▶ [SOURCE DATA]
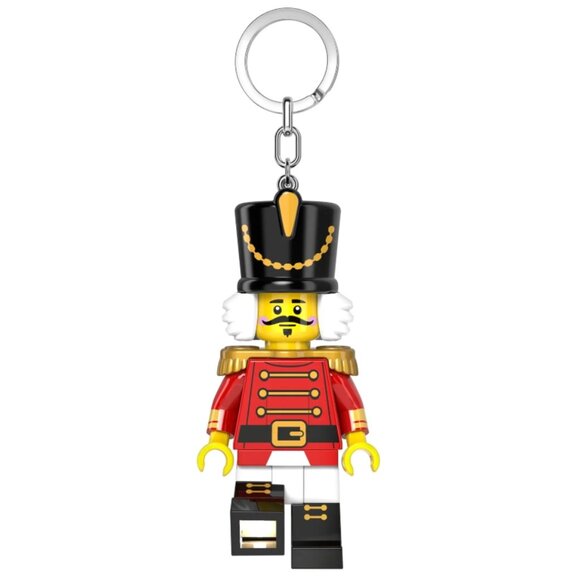 LEGO 5008989 NUTCRACKER Keychain LIGHT Minifigure LED NWT NEW in Hand - Picture 1 of 11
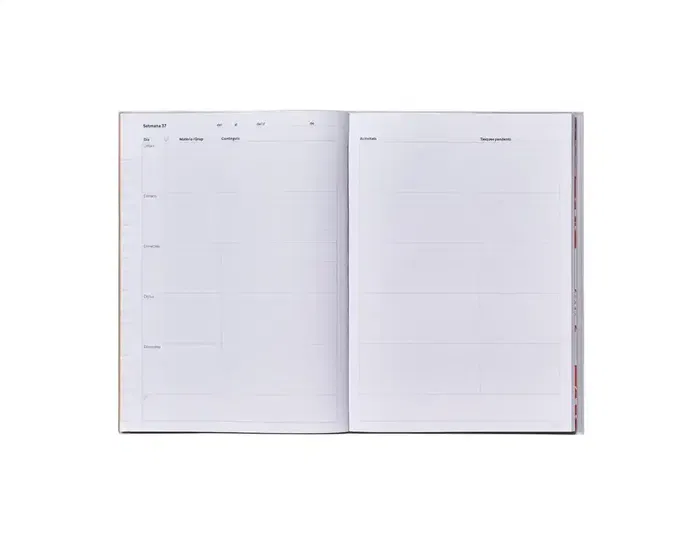 Additio Cuaderno de Tutoría DIN A4 para Planificación Semanal y Evaluación Continua con Funda y Calendario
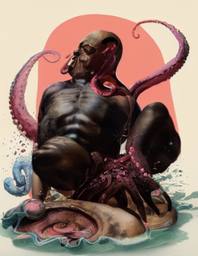 Mike Tyson, Early Stable Diffusion · FFF\ESD\MT\002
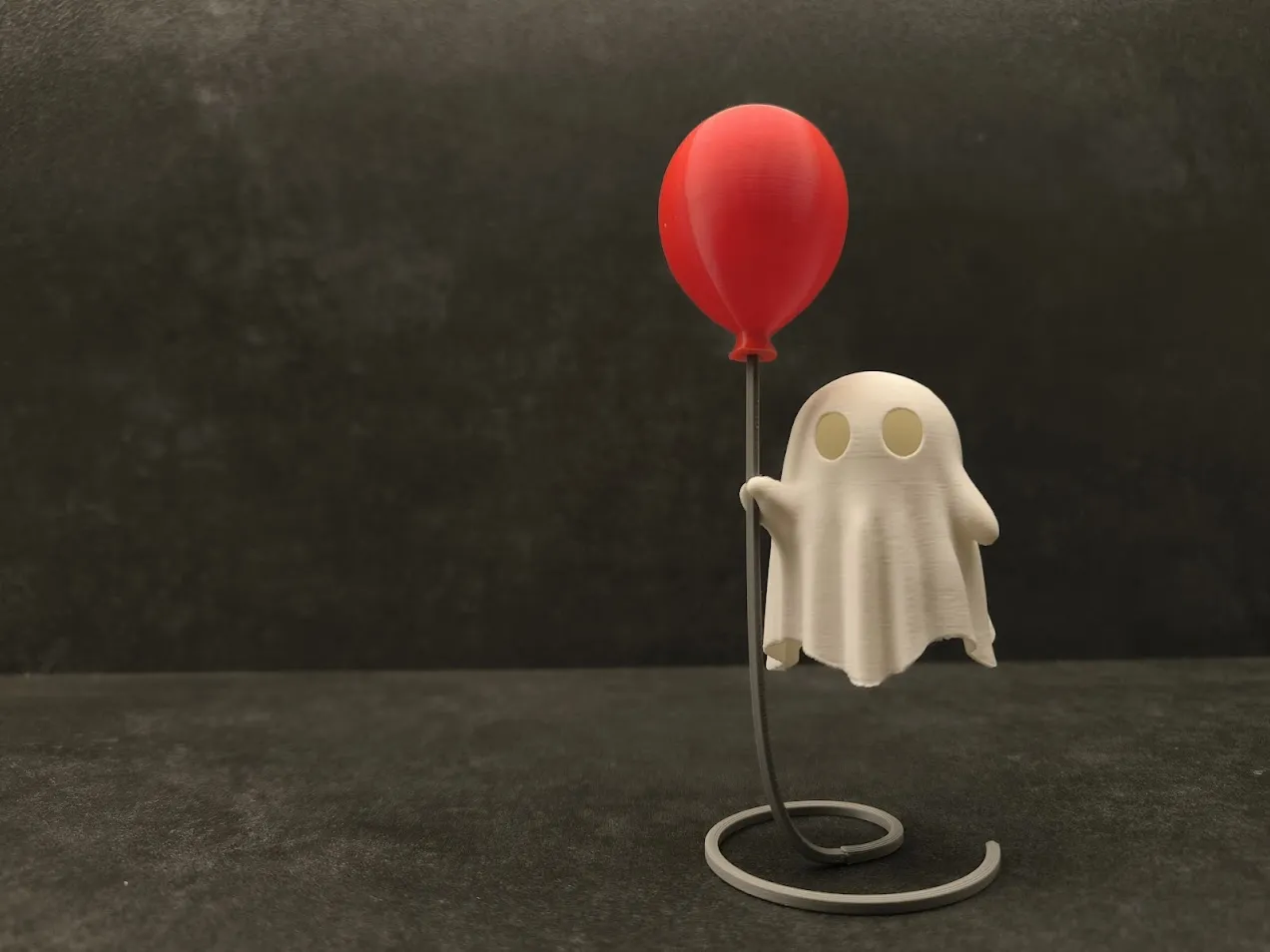 Ghost with Balloon view 2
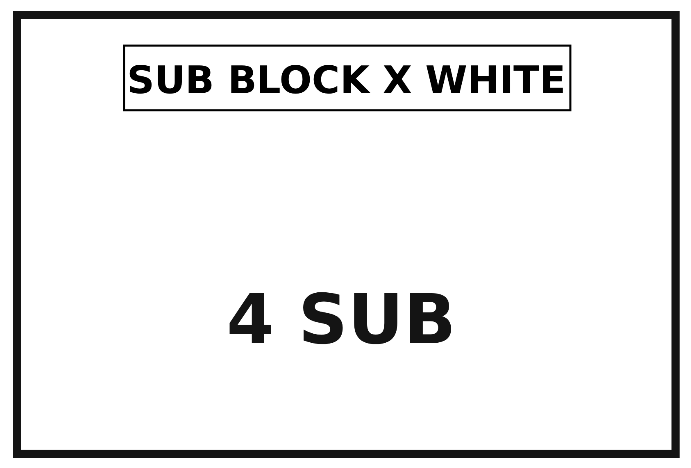 Sub Block X White
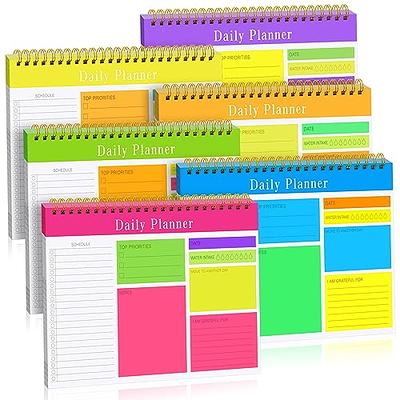 Hotop 6 Pcs To Do List Notepad Daily Planner to Do Notebook Daily to Do  Notepad Daily List Planner for Classroom Office, 30 Sheets/Pcs(9.45 x 6.5  Inch, Colorful Style) - Yahoo Shopping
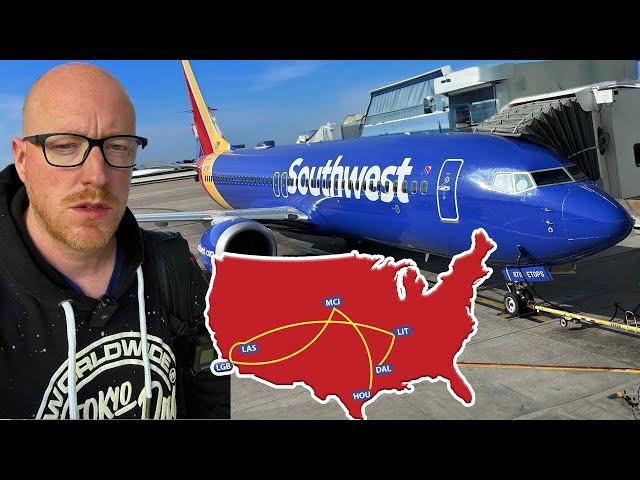 I Took Southwest Airlines LONGEST Flight: 14 HOURS!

▶ [EXERCISE OBJECTIVE] From the first line to the last, retype the data above exactly, but not its images.

▶ [EXERCISE SOLUTION]
 LEGO 5008989 NUTCRACKER Keychain LIGHT Minifigure LED NWT NEW in Hand - Picture 1 of 11
 Additio Cuaderno de Tutoría DIN A4 para Planificación Semanal y Evaluación Continua con Funda y Calendario
 Mike Tyson, Early Stable Diffusion · FFF\ESD\MT\002
 Ghost with Balloon view 2
 Sub Block X White
 Hotop 6 Pcs To Do List Notepad Daily Planner to Do Notebook Daily to Do  Notepad Daily List Planner for Classroom Office, 30 Sheets/Pcs(9.45 x 6.5  Inch, Colorful Style) - Yahoo Shopping
 I Took Southwest Airlines LONGEST Flight: 14 HOURS!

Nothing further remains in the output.